(Items listed in a dataset)

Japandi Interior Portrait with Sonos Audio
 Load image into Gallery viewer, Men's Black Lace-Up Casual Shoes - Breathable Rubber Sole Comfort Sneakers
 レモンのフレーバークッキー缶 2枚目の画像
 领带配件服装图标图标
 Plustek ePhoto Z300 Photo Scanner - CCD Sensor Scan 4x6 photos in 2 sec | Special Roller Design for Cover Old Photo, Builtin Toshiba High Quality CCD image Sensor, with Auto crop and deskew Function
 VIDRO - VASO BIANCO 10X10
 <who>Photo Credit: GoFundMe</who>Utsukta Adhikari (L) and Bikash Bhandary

PROBLEM STATEMENT. Across the entries above, find the lines with the string "image" and copy them.

RESULT OF THE EXERCISE.
 Load image into Gallery viewer, Men's Black Lace-Up Casual Shoes - Breathable Rubber Sole Comfort Sneakers
 Plustek ePhoto Z300 Photo Scanner - CCD Sensor Scan 4x6 photos in 2 sec | Special Roller Design for Cover Old Photo, Builtin Toshiba High Quality CCD image Sensor, with Auto crop and deskew Function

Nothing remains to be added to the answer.